Syria fires Scud missiles at rebels - U.S., NATO officials
MARRAKECH, Morocco (Reuters) - Syrian President Bashar al-Assad's forces have fired Scud-style ballistic missiles against rebels in recent days, U.S. and NATO officials said on Wednesday, in what U.S. officials described as an escalation in the 20-month civil war.
The United States, European powers and Arab states bestowed their official blessing on Syria's newly-formed opposition coalition on Wednesday, despite increasing signs of Western unease at the rise of militant Islamists in the rebel ranks.
Rebels battled Assad's troops on the outskirts of his Damascus power base. Their advances in the past two weeks have prompted their international allies to talk of the 20-month-old conflict finally entering a decisive phase.
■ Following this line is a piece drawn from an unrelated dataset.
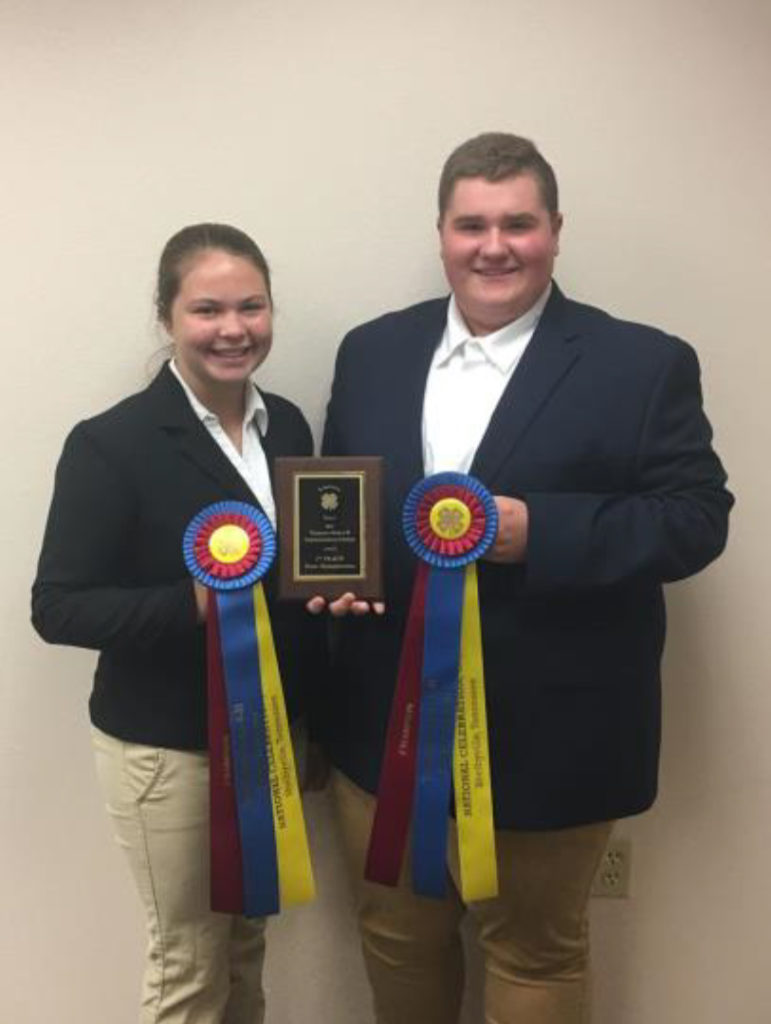 Marion County 4-H Members Learn Presentation Skills through Horse Project - Maddie Ashburn and Brandon Bass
In Damascus, a massive car bomb and two other explosions hit the main gate of the Interior Ministry. Lebanon's al-Manar television, which supports Assad's Hezbollah allies, said four people had been killed.
"Allied intelligence, surveillance and reconnaissance assets have detected the launch of a number of unguided, short-range ballistic missiles inside Syria this week," said a NATO official in Brussels. "Trajectory and distance travelled indicate they were Scud-type missiles."
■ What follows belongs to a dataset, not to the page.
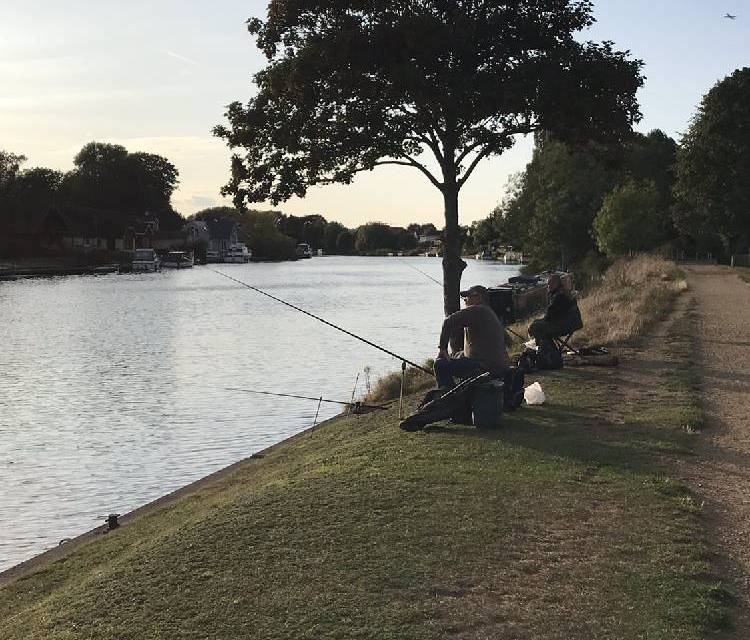 Preview of A long walk along the Thames Path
A U.S. official, speaking on condition of anonymity, confirmed the use of Scuds. U.S. officials said they were not aware of any previous uses of the missiles.
It was not immediately clear why Assad's forces would deploy Scuds, which can have a range of up to a few hundred km and are best-known internationally from the 1991 Gulf War when Iraqi leader Saddam Hussein fired them at Israel.
The Soviet-designed missiles are unguided and inaccurate, and are not usually seen as a weapon of choice for the sort of internal anti-guerrilla war that the government is waging against small, mobile rebel bands.
Assad's forces have in the past relied on artillery, helicopters and attack jets, all of which are much more useful in close urban combat. However, the lightly armed rebels are increasingly obtaining better weapons to fight back, including the ability to shoot down aircraft.
Last week NATO decided to deploy U.S., German and Dutch batteries of Patriot air defence missiles along the Turkish-Syrian border, saying its main worry was the prospect of Syrian missiles being fired across the frontier.
That decision means hundreds of U.S. and European troops being sent to the border for the first time since the war began 20 months ago. Syria and Russia called it a pretext for the Western alliance to become drawn into the war.
FRIENDS OF SYRIA
Western countries at a "Friends of Syria" meeting in Marrakech, Morocco rallied around a new opposition National Coalition that was formed last month and is led by a moderate Islamist cleric, Mouaz Alkhatib.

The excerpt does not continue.